On tech forums like r/linux or hackernews, you'll frequently see posts by (presumably) old guys reminiscing about how great the user interface of their youth was.
"Oh how tasteful were these pixel art icons!"
"How utilitarian and consistent were the 3D effects!"
"How very intuitive are these menus!"
"It's all gone downhill since $PRODUCT. It's all flat and empty and useless now!"
Bollocks. These user interfaces sucked. The menus were a mess, because trying to shove 50 random items into 6 hierarchical categories, two of which are preordained to be "File" and "Edit", cannot be done in any way that isn't arbitrary and confusing. Thus you looked through all the little menus with your terrible mouse hoping to find something that sounded like it might be what you need, trying not to make a sudden move that made the submenu disappear.
Under the menu bar were between 30 and 200 tiny pixel art icons. They were just as incomprehensible as today's minimalist ones, only there were more of them and most of them looked like ass.
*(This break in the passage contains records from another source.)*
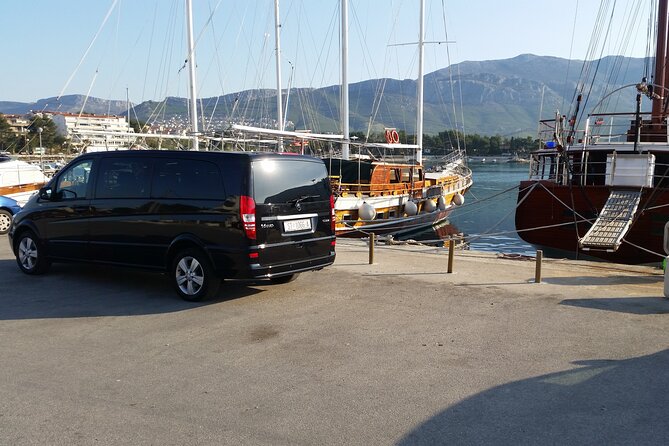 Private taxi transfer from Split to Split airport - Ideal for Small Groups and Families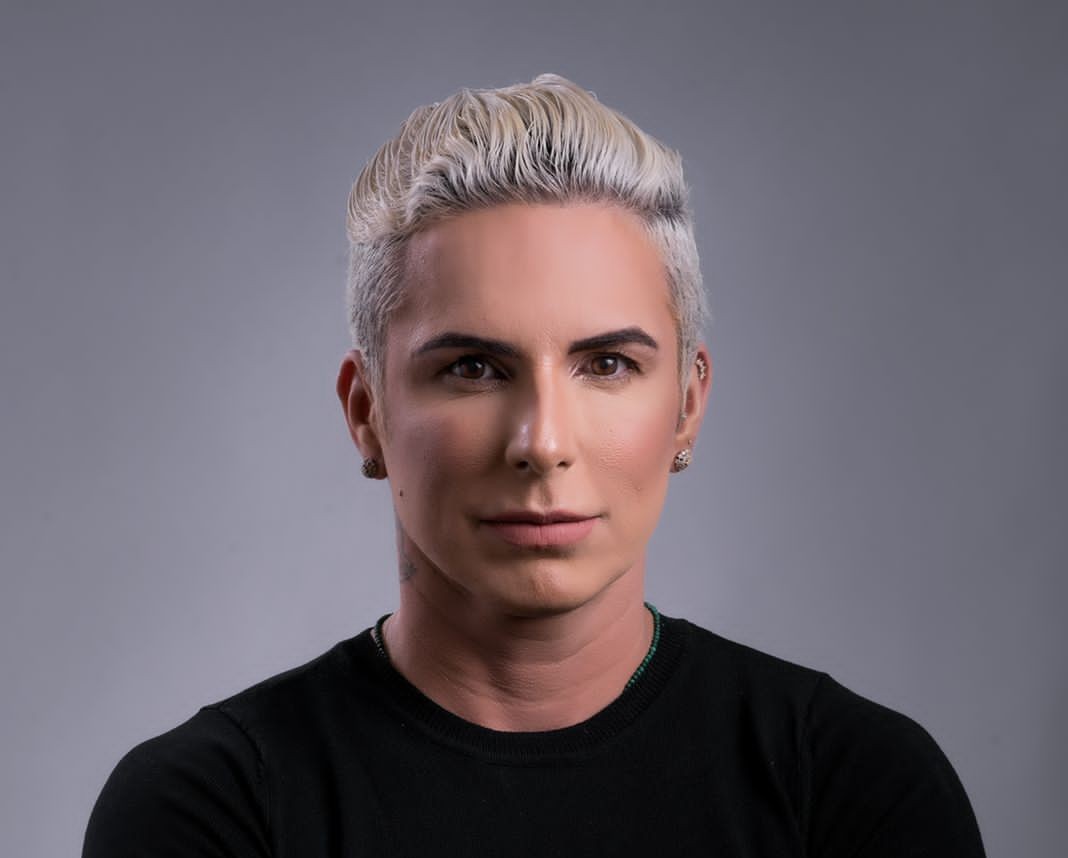 Dentista influencer é denunciada após pacientes sofrerem infecções e deformidades em cirurgias no ES - QTU Questões do Universo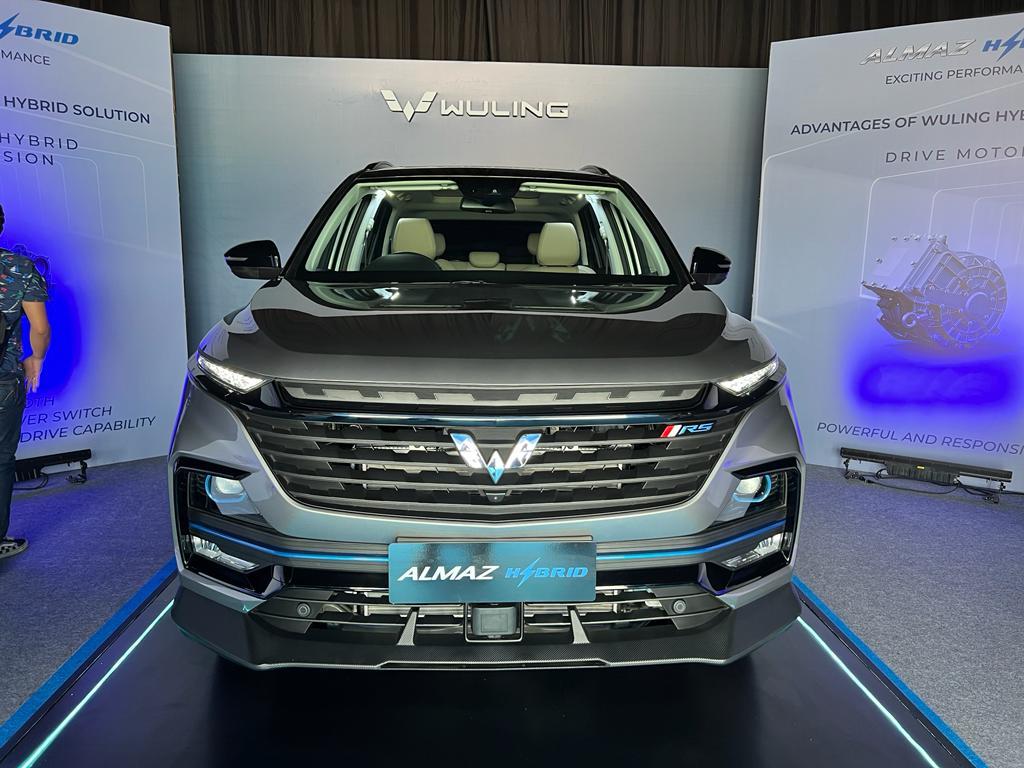 Wuling Almaz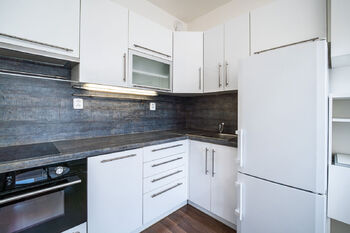 Prodej bytu 1+kk v osobním vlastnictví 29 m², Praha 10 - Horní Měcholupy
Oh and so many popup windows. Everything you did created a popup window. Why does the settings popup only use one third of the screen while having three tabs? Why can I see my document underneath it, half-obscured, but I can't actually click on anything there? Why do half the operations create an "OK" popup for me to click on?
Nothing about this was "functional" and yet it also looked grey and cramped and ugly. Like it was designed by C++ programmers (who by their choice of programming language have already proven that their opinion cannot be trusted, especially not in matters involving good taste), which of course it was.
Fucking brain worms, all of them.
100%, changing from windows to plasma radically changed the way I used my desktop and made me more productive because I could tweak every little piece to my liking.
What sucks is that the .NET ui scheme is by default very customizable. Every sub function of your program runs in it's own "pane" that can be dragged and dropped into any other pane to create a window group.
A fantastic example of this is ArcGIS where every tool you need comes in its own window with its own settings and you can slot them into each other in whatever way you want to get a good view of your data depending on what you're doing.
There are a few other industry programs that do this, and blender has this functionality (though not using the same UI backend). Windows could actually be good if you were able to group programs together into windows and panes, why the fuck did they build that whole ecosystem then totally abandon it for the gui?!